The world that Rohan Hutchinson describes in his new series of beautifully sparse, large-scale photographs is one of subtle tension and dichotomy. Indeed, Kamikawa Sub-Prefecture is a world all but swallowed in foreground and backdrop of pure white.

The only interruption, the only whisper of civilisation, is a linear thread – a horizon – of humble architectural structures.

“I’m interested in Japanese designer Kenya Hara, who wrote about white representing purity and emptiness and the idea that as soon as you bring in something else, chaos is introduced,” says Hutchinson. “The only way of neutralising the chaos is by using a linear form and symmetry.”

It’s a quality that echoes throughout Hutchinson’s new body of work, which was shot in a rural region of Japan’s northern island of Hokkaido. No matter how orderly they seem, the meagre structures that sprout from the opaque landscapes are incursions nonetheless. And it in the sensibilities of these structures that Hutchinson’s interests lie.

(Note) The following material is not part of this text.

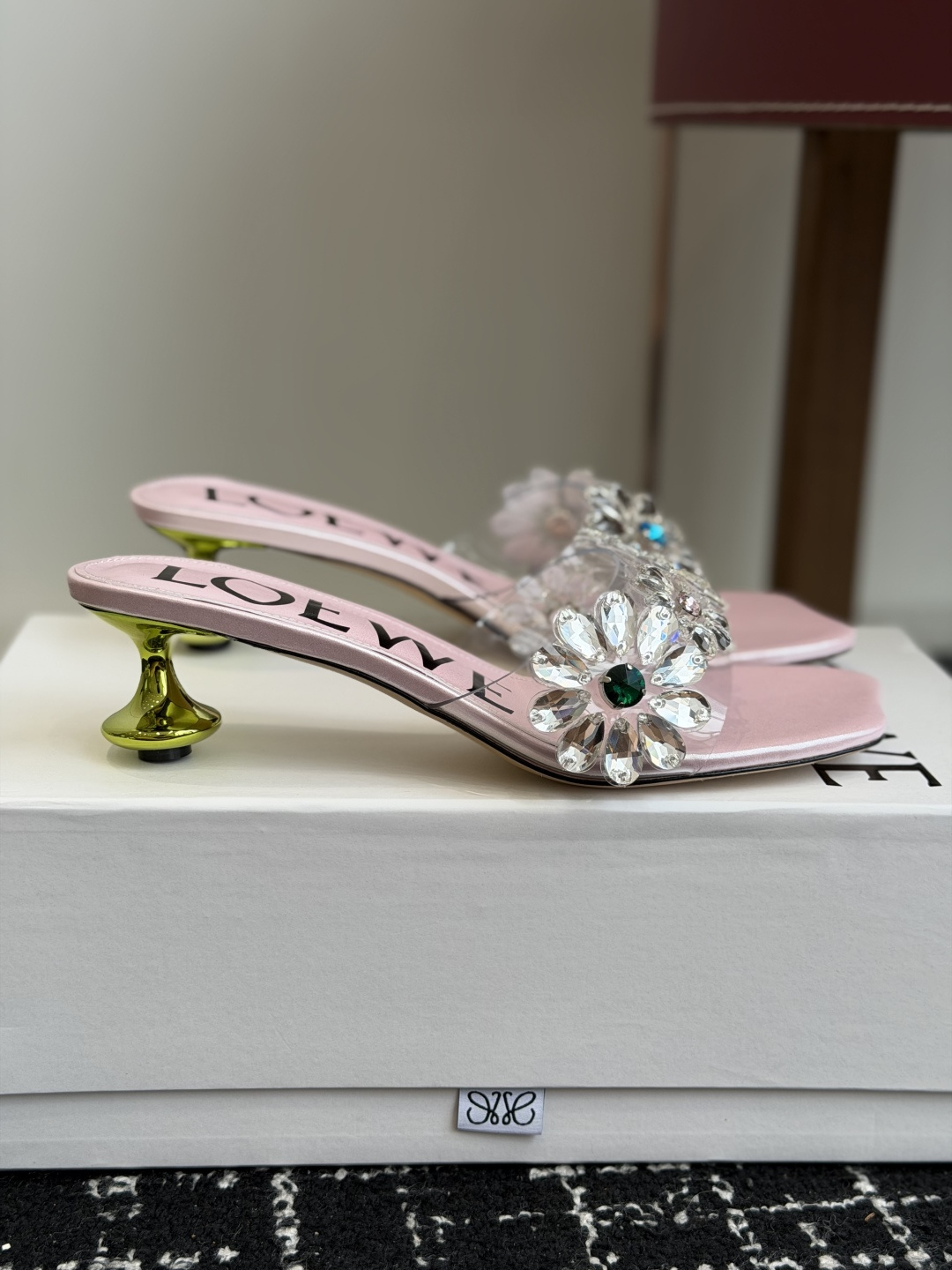 代购级Loewe 罗意*威 绝美水钻高跟拖鞋又美又嗲、水钻加花朵式设计让你在人群中一眼出挑搭配任何一件b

“I’m interested geographical and economical constraints in building parameters, and the ways in which those constraints affect the aesthetics and longevity of structures placed in the environment,” he says.

In this sense, a region’s architecture can tell a much broader story. “I guess my work just documents spaces as they change,” says the former skateboarding photographer, who sees his work inhabiting a space between documentary and abstract photography.

“I’m interested in the transformation of the architectural space and how it represents that of its developers.”

Kamikawa Sub-Prefecture opens November 4 and runs until November 27 at Colour Factory.